[Dataset content — start]

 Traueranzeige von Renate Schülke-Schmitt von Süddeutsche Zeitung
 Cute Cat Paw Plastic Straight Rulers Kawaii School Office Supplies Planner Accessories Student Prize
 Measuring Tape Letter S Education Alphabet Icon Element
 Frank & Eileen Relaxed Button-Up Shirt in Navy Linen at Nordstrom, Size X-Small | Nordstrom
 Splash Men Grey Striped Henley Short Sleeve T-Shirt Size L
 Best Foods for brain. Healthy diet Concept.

[Dataset content — finish]
[Dataset content — start]

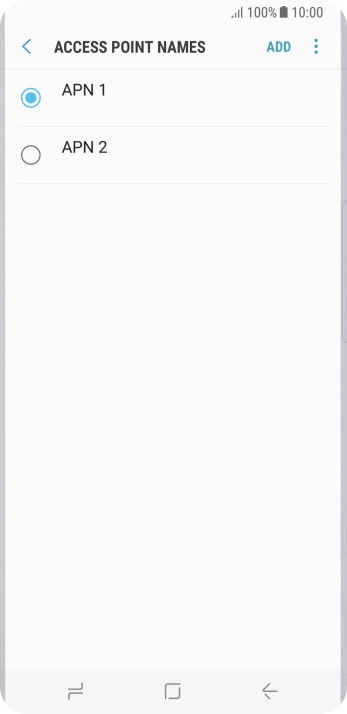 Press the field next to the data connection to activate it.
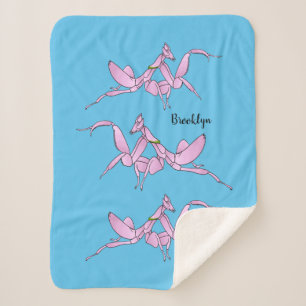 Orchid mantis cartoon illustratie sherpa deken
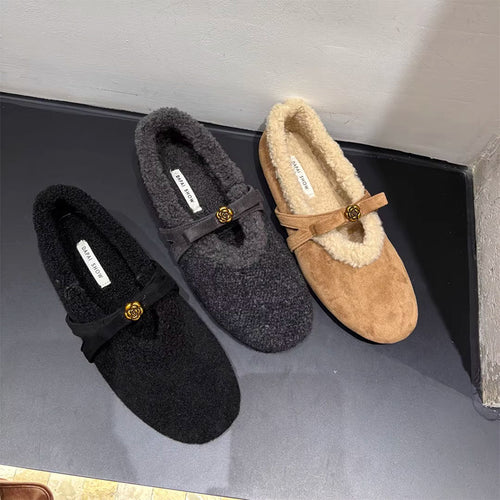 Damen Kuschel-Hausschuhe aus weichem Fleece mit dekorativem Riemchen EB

[Dataset content — finish]
[Dataset content — start]

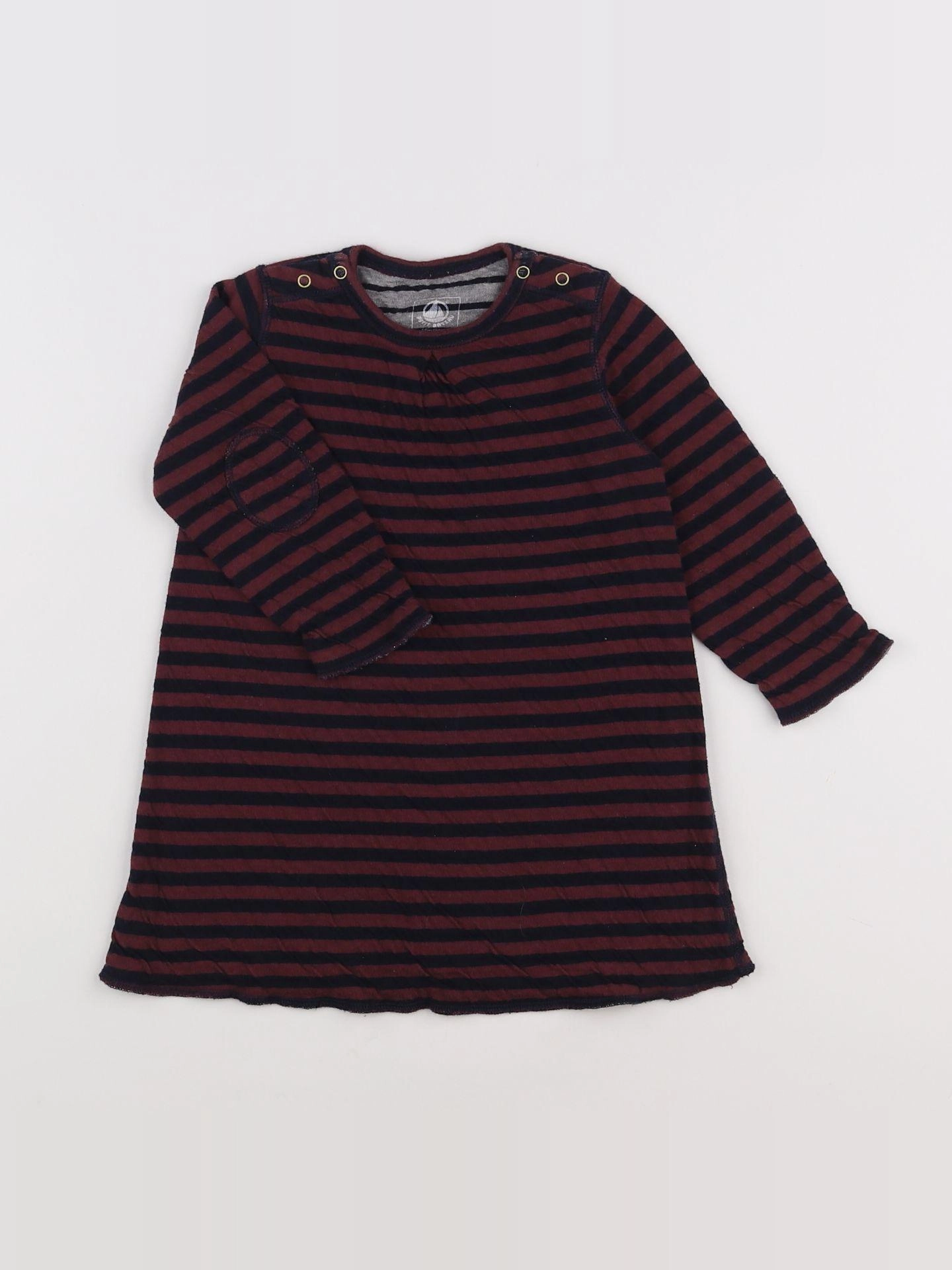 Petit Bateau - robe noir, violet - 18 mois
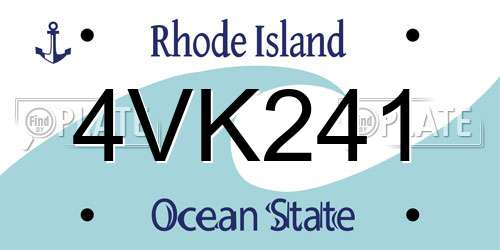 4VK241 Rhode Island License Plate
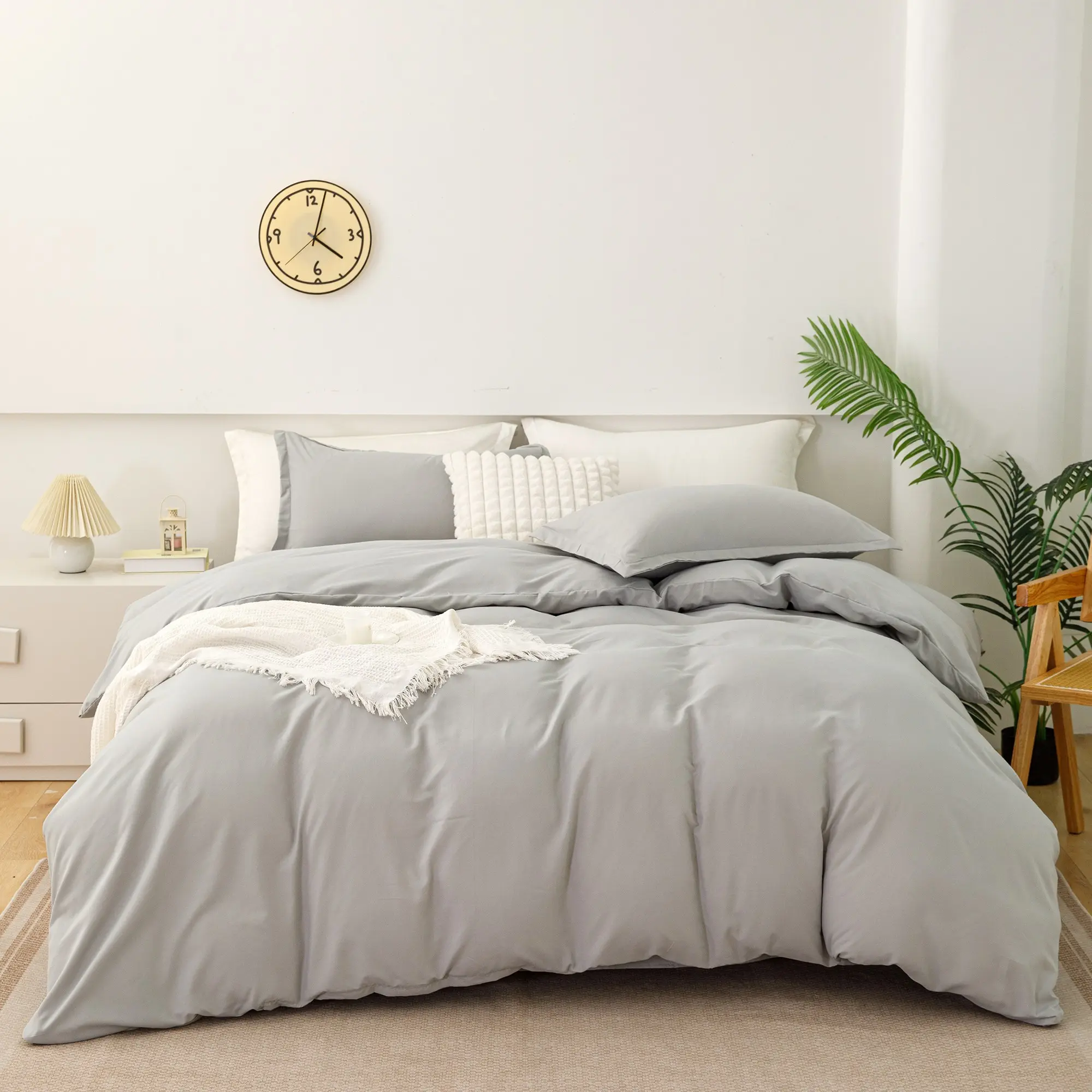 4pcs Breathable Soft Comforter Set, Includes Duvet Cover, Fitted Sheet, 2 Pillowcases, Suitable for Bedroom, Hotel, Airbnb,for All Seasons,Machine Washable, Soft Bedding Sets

[Dataset content — finish]

What's needed is an exact copy of the lines above from the one with "Petit Bateau - robe noir, violet - 18 mois" through the one with "4pcs Breathable Soft", both included; the pictures stay out.

 Petit Bateau - robe noir, violet - 18 mois
 4VK241 Rhode Island License Plate
 4pcs Breathable Soft Comforter Set, Includes Duvet Cover, Fitted Sheet, 2 Pillowcases, Suitable for Bedroom, Hotel, Airbnb,for All Seasons,Machine Washable, Soft Bedding Sets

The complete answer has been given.